The name changes and proposed removals may be just the beginning of the changes ahead: Charlottesville’s Parks and Recreation Department has issued a request for proposals for a redesign of both parks. Emancipation Park and Justice Park are both situated along the downtown Mall, a pedestrian space and successful revitalization effort designed in the mid-1970s by renowned landscape architect Lawrence Halprin.

The RFPs seek a new master plan that will better connect the two green spaces—which are currently split by Jefferson Street, two city blocks apart—and accomplish the following:

Redesign and transform Justice Park (formally known as Jackson Park) through the addition of a new memorial to Charlottesville’s enslaved population while retaining its ability to function as a community gathering space.

Redesign Emancipation Park (formally known as Lee Park), both inclusive and independent of the statue of Robert E. Lee while retaining its ability to function as a community gathering space.

Replace the current plaque at the slave auction block with one that is legible.

Identify and acknowledge the site of the Freedman’s Bureau.

One notable inclusion is the directive to “become familiar with” the proposed Memorial to Peace and Justice in Montgomery, Alabama, and incorporate elements of that project into the Charlottesville design.

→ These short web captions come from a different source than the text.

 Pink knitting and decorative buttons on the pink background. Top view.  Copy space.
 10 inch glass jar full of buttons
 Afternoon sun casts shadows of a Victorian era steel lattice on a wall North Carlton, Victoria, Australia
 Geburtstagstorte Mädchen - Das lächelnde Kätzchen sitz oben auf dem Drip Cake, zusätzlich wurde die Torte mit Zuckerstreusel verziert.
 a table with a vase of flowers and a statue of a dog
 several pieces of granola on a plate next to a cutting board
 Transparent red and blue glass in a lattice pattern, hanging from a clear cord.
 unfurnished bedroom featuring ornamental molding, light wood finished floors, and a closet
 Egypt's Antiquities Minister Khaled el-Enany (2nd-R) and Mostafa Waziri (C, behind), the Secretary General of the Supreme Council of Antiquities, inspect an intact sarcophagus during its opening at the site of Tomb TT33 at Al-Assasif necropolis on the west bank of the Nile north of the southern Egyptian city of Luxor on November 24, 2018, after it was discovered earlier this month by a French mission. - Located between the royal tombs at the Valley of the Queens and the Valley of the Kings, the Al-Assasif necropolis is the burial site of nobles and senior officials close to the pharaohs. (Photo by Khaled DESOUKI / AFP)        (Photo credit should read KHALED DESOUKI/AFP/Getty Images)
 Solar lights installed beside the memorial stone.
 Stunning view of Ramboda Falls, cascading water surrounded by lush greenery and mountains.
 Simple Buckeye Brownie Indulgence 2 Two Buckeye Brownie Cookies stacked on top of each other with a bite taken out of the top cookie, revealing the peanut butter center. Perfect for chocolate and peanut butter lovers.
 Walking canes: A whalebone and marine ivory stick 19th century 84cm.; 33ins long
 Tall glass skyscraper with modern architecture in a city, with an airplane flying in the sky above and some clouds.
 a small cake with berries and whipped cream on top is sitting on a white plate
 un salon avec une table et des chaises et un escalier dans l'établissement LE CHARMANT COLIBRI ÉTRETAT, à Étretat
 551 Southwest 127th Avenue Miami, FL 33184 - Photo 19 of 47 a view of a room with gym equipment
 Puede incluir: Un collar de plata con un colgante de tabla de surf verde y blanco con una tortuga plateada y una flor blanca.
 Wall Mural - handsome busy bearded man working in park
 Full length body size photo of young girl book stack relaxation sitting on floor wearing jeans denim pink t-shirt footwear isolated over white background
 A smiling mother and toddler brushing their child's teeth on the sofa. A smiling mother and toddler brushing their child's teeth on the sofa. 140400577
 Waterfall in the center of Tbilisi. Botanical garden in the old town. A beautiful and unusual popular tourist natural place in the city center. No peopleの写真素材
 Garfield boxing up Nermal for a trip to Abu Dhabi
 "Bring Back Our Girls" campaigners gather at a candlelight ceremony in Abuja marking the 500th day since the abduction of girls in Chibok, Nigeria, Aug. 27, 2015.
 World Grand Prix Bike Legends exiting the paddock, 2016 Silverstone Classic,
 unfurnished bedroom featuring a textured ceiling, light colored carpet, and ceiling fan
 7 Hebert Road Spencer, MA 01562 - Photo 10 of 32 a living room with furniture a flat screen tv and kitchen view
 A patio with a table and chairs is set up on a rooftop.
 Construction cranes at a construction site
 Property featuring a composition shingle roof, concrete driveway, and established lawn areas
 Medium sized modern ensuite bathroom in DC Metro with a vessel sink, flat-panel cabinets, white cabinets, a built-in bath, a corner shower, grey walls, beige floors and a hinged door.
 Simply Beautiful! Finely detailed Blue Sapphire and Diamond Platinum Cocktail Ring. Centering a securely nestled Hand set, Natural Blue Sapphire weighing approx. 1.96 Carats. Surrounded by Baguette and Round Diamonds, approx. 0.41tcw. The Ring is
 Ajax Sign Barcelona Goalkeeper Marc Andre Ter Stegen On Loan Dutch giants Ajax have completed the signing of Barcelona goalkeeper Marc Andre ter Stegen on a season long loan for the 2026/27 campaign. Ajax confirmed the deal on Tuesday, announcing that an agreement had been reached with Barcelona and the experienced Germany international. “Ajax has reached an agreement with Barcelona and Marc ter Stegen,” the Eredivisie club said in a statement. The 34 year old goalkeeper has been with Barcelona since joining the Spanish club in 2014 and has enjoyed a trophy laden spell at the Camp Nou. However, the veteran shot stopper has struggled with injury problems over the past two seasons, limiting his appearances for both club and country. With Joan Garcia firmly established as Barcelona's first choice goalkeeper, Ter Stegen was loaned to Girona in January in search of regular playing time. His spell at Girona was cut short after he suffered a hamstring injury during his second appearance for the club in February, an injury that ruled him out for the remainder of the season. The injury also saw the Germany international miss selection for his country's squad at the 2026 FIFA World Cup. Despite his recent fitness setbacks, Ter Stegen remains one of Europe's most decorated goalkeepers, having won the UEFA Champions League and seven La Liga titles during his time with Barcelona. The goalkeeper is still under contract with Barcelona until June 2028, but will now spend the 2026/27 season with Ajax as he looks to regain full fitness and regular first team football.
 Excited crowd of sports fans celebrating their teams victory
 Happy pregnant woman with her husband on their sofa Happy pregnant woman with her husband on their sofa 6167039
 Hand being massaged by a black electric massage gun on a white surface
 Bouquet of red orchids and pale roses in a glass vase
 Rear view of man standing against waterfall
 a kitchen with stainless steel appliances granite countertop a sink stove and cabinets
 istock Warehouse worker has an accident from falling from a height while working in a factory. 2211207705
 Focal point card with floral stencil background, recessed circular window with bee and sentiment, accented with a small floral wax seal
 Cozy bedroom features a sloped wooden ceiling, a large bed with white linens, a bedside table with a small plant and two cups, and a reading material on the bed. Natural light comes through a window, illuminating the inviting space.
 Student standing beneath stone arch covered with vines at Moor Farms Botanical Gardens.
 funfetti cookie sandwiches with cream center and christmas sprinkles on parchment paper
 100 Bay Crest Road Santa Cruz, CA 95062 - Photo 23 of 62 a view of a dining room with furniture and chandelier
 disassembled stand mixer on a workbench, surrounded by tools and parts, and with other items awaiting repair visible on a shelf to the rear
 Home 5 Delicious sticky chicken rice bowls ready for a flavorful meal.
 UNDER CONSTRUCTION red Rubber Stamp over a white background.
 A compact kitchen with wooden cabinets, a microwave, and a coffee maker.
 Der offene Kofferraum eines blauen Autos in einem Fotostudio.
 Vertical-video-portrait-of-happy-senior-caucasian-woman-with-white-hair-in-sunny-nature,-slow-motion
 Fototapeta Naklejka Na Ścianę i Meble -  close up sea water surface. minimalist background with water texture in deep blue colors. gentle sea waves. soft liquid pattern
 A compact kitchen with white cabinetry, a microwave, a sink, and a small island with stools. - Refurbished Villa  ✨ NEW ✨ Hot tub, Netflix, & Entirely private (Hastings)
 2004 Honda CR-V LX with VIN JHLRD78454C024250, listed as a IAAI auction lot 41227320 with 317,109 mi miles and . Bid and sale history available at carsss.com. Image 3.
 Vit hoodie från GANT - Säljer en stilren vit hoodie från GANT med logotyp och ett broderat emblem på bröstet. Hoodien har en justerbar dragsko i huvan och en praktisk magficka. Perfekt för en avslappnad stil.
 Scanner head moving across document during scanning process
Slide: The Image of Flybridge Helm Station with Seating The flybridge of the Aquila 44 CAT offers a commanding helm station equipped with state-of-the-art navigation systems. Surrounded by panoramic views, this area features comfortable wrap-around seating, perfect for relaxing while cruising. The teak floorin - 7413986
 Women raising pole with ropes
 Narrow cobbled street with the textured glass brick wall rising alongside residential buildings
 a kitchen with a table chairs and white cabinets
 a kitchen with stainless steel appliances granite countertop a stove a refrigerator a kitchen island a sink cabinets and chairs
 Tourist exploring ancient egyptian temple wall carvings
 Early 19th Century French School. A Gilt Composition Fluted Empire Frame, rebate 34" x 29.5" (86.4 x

The Alabama project in question, which is being funded by the Equal Justice Initiative, will commemorate victims of lynching and racially motivated terror with a concept based in part around a series of pillars, each marking a county in the U.S. where lynching has taken place.

Applicants will need to submit two plans, with options that include and do not include the two statues. (One of the options that’s already on the table is to move the statues to the larger McIntire Park north of downtown and “confront history there in a new context.”) According to Appendix A of the RFP, the statues cannot remain as they currently stand, if they are allowed to stand at all:

This commission suggests that the Lee and Jackson statues belong in no public space unless their history as symbols of white supremacy is revealed and their respective parks transformed in ways that promote freedom and equity in our community.

According to Brian Daly, the Director of the Charlottesville Parks & Recreation Department, proposals are due this Thursday, August 16. Daly had no comment on whether or not the events of this weekend had changed the city’s timeline for redevelopment and redesign, but he said the process would follow standard procedures (the Virginia Public Procurement Act), and a team will evaluate the proposals and follow city and state proposals to award the commission.

Daly also reported that there wasn’t much physical damage to the existing park infrastructure over the weekend.

The project proposal—spurred by a Blue Ribbon Commission report from August 2016 on Race, Memorials and Public Spaces—imagines a “new public history... accomplished by new public art, new interpretive narratives, creative place-making initiatives, and wayfinding signs.”

In addition to designing to improve civic engagement and avoid future auto-related deaths, any new proposals could take the tragic events of the weekend as an additional inspiration to create a public space that rejects bigotry.

The BRC’s Final Report acknowledged that far too often Charlottesville’s public spaces and histories have ignored, silenced or suppressed African American history, as well as the legacy of white supremacy and the unimaginable harms done under that cause.

This redesign offers Charlottesville an opportunity to recast these important public spaces and display a fuller and more accurate depiction of collective history.